Perhaps the biggest upside to Python is how widely it is used by big data software consultants. Likely due to its shallow learning curve and maturity, many have abandoned lower level languages (such as C or Java) or proprietary languages with a high price tag (i.e. Matlab) and embraced this language. Because of this popularity, there is a well-supported library for just about every data science task one may encounter, particularly when it comes to applications like data visualization and deep learning.
Python has several mature tools for visualizing and interacting with data including the following:
Matplotlib, perhaps the most commonly used, is very mature, well documented, and flexible enough to make practically any kind of static chart anyone would want to produce.
Plotly produces publication-quality online, interactive charts. It appears to have all the capabilities of Matplotlib, but is also interactive. The library has a pretty robust and well documented Python API, but does require users to register an account in order to use the free version. Figure 2 shows an example of an interactive scatter plot from Plotly. The figure contains tools in the upper righthand corner for zooming, panning and selecting points. Plotly provides functionality for specifying what happens when the user hovers over or selects a point.
The popular data visualization application Tableau includes a robust Python API, and the library TabPy that allows the use of Tableau within Python scripts.
Lastly, the visualization application ParaView has a robust Python API. ParaView was built to visually analyze massive data sets over a distributed memory system. The type of data visualized by this library is a little more niched, and is typically 3D data such as particle streams, magnetic fields, fire simulations and many more. Figure 3 shows an example of the types of visualizations that ParaView is capable of generating.

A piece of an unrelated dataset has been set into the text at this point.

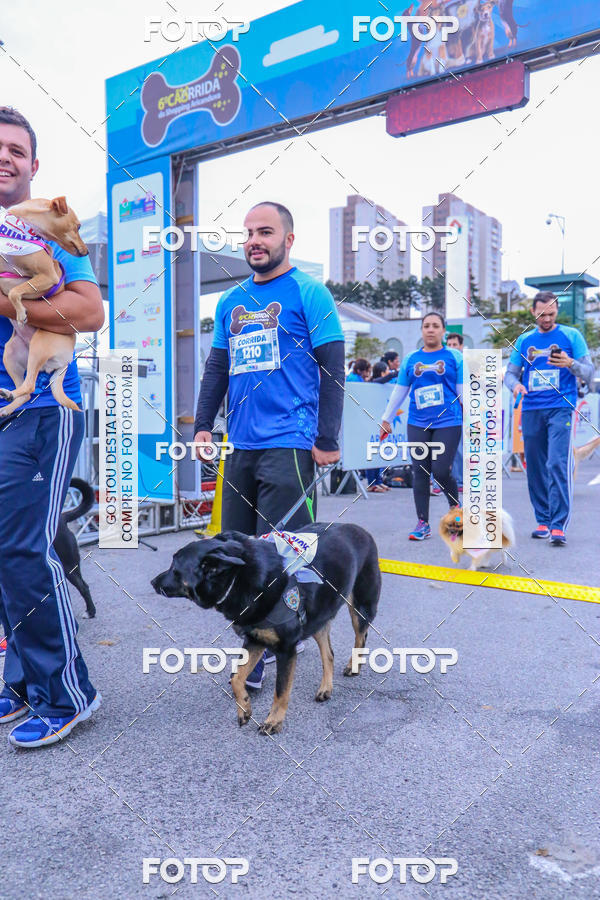 Buy your photos of the event6 Corrida do Shopping Aricanduva on Fotop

Part of the flexibility of Python and easy syntax is due to it being a dynamically typed language. This, however, adds to difficulties in debugging because many errors that would be found by a compiler now become run-time errors that are more difficult to track down.
Python is an interpreted language, and as such its performance is not as fast as a compiled language such as C or Java. For many applications this won’t matter. However, in applications where speed is crucial, Python may not be the best suited tool.
Two Major Branches
Python has two major branches, with many systems that seem to be forever stuck on version 2.7, while the rest of the Python world has moved on and is on version 3.7.
Python code can be difficult to parallelize due to something called the Global Interpreter Lock (GIL). The GIL prevents multiple threads trying to access or modify the same object. Because of this, programmers not experienced in parallelizing python code may try and implement a multi-threaded process and get something that is just as slow (or slower) than the serial code. There are a few work arounds, but it is debatable as to whether the work around is better (for example, see Jython).
Many programmers seem to have strong opinions about the syntax of python. In particular there are two thing that distinguish python from similar languages:
- Blocks of code, such as loops and functions, are set apart by indentations not brackets or other characters. This forces the programmer to make the code look pretty, but can lead to soft errors in the code if a line is out of place.
- Python has no real block comment. In most cases one can use triple quotation marks: “”” Example
string”””, but it is not a true block comment.
Python is a powerful tool for small or medium size data or for applications where speed isn’t critical. Its easy syntax makes it great for rapid prototyping, and it has definite strengths in data visualization. However, for applications where speed and scalability are crucial, it may not be the best choice.